WORK TO COMPLETE.
Exactly the lines from the one with "Rule 34 | 1girl, bb" through the final line of the entries, and nothing else, should appear in the answer; no pictures go in it.

(Short descriptive text snippets)
########
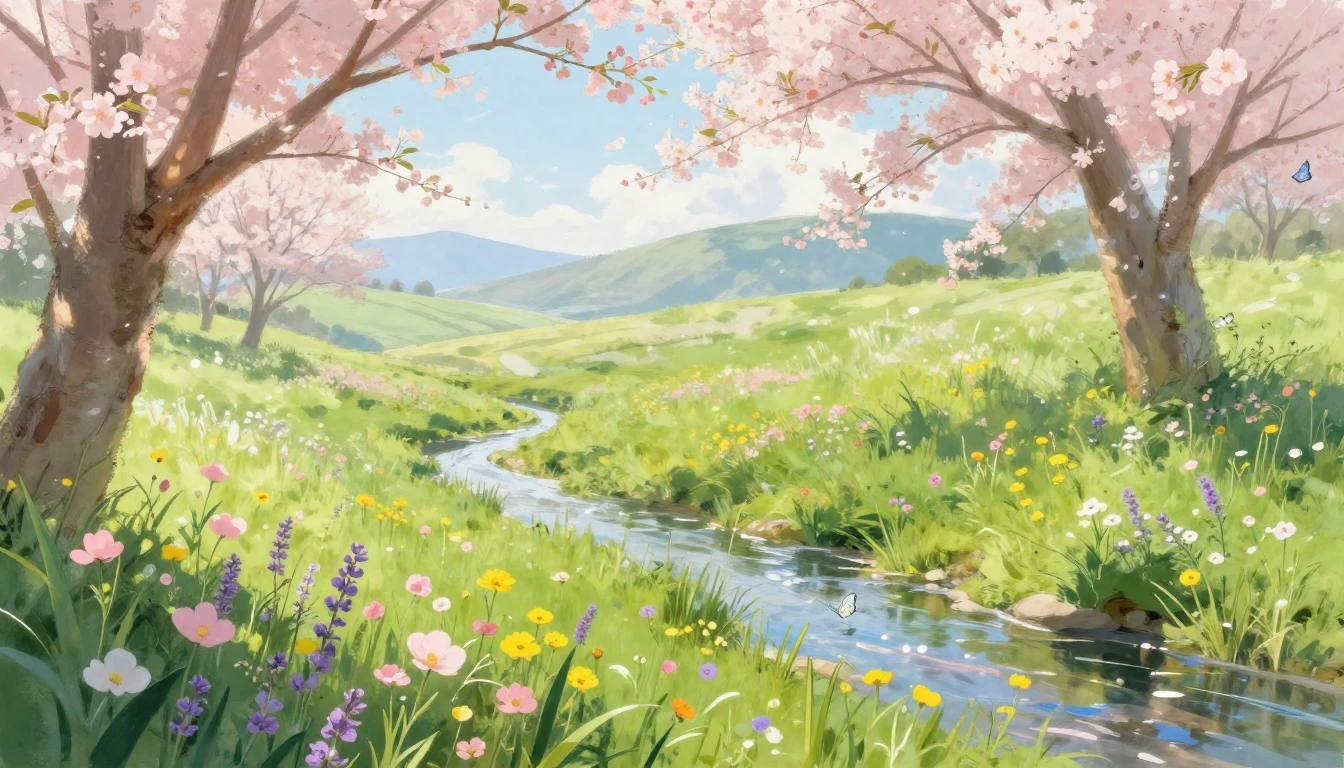 A lush green meadow filled with vibrant wildflowers in shade...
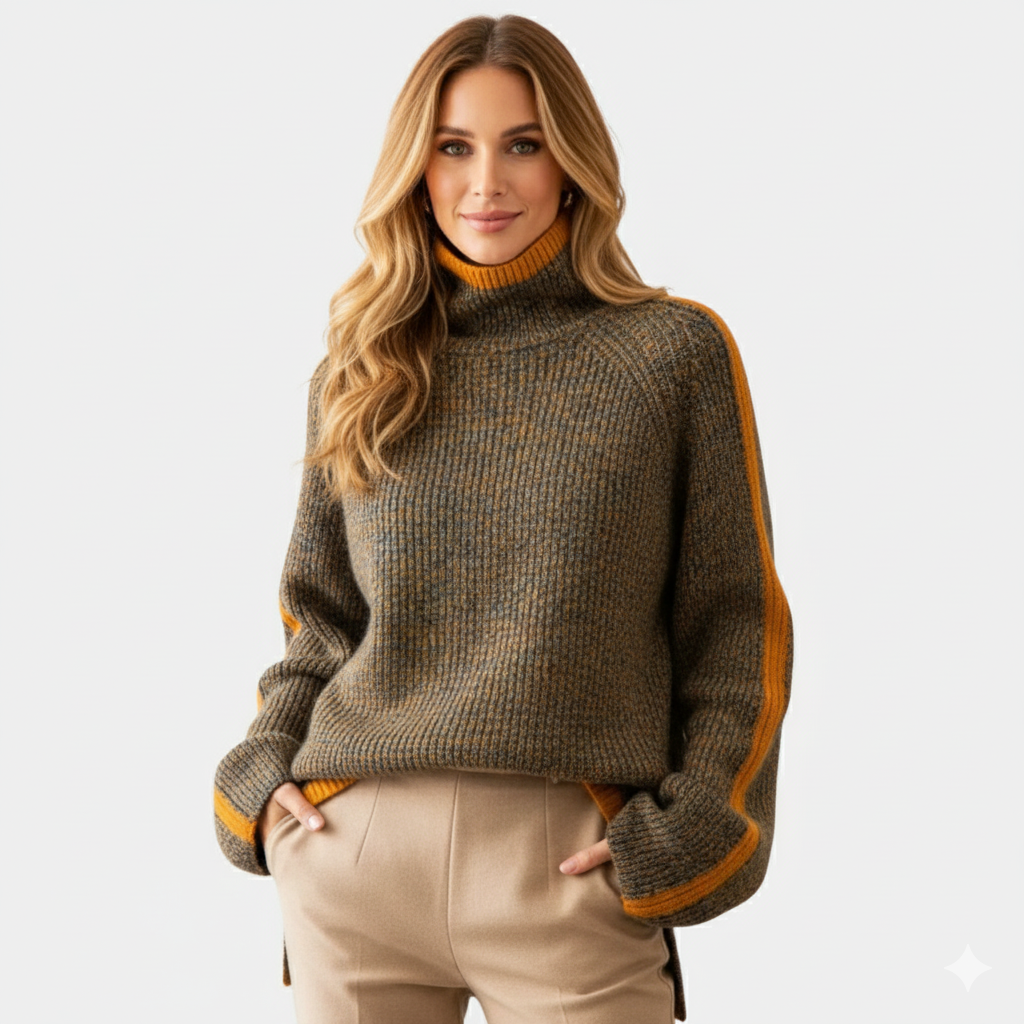 Geovari | Women's Oversized Polo Neck Jumper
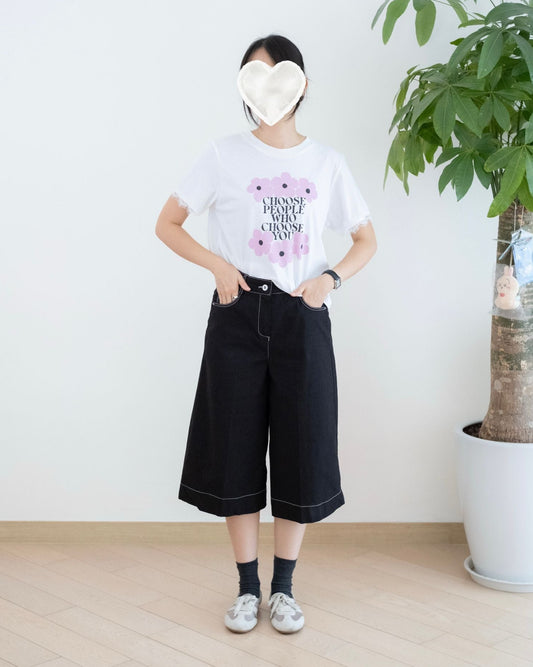 Moci 七分闊腳扯布褲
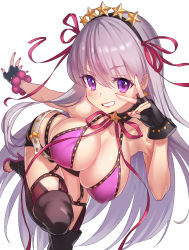 Rule 34 | 1girl, bb (fate), bb (fate) (all), bb (swimsuit mooncancer) (fate), bb (swimsuit mooncancer) (second ascension) (fate), bead bracelet, beads, bent over, bikini, bikini top only, black gloves, black shorts, black thighhighs, blush, bracelet, breasts, choker, cleavage, closed mouth, commentary, covered erect nipples, cowboy shot, earrings, fate/grand order, fate (series), fingerless gloves, garter straps, gloves, green322, grin, hair between eyes, hair ribbon, hairband, high heels, highres, jewelry, large breasts, leaning forward, light purple hair, lipstick, long hair, looking at viewer, makeup, nail polish, neck ribbon, outstretched arm, parted lips, pink bikini, pink ribbon, purple eyes, purple footwear, red nails, ribbon, short shorts, shorts, simple background, smile, solo, standing, standing on one leg, star (symbol), star earrings, straight hair, studded choker, swimsuit, thighhighs, thighs, toenail polish, toenails, v, white background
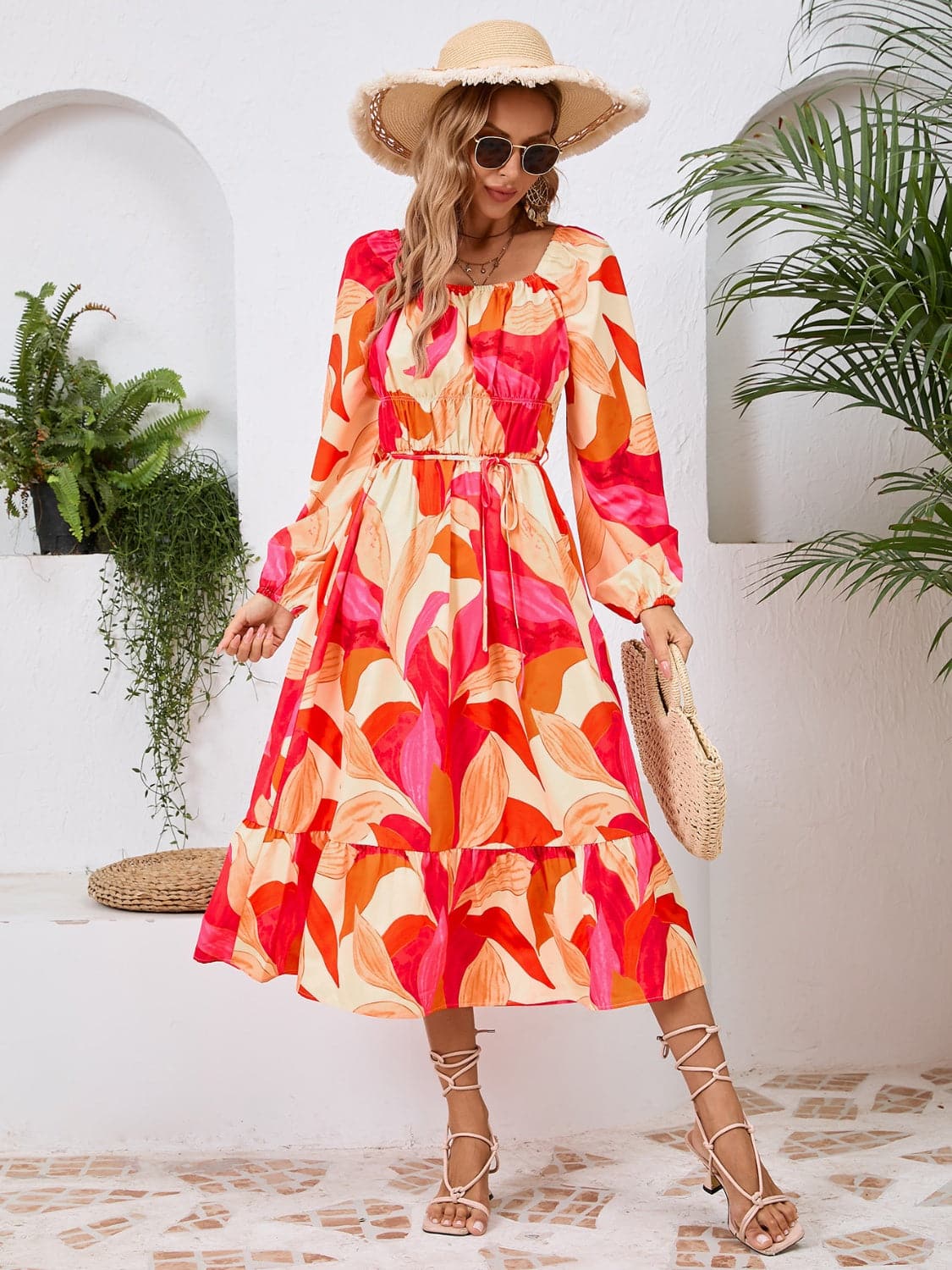 Printed Long Sleeve Midi Dress.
########
THE COMPLETED TASK.
 Rule 34 | 1girl, bb (fate), bb (fate) (all), bb (swimsuit mooncancer) (fate), bb (swimsuit mooncancer) (second ascension) (fate), bead bracelet, beads, bent over, bikini, bikini top only, black gloves, black shorts, black thighhighs, blush, bracelet, breasts, choker, cleavage, closed mouth, commentary, covered erect nipples, cowboy shot, earrings, fate/grand order, fate (series), fingerless gloves, garter straps, gloves, green322, grin, hair between eyes, hair ribbon, hairband, high heels, highres, jewelry, large breasts, leaning forward, light purple hair, lipstick, long hair, looking at viewer, makeup, nail polish, neck ribbon, outstretched arm, parted lips, pink bikini, pink ribbon, purple eyes, purple footwear, red nails, ribbon, short shorts, shorts, simple background, smile, solo, standing, standing on one leg, star (symbol), star earrings, straight hair, studded choker, swimsuit, thighhighs, thighs, toenail polish, toenails, v, white background
 Printed Long Sleeve Midi Dress.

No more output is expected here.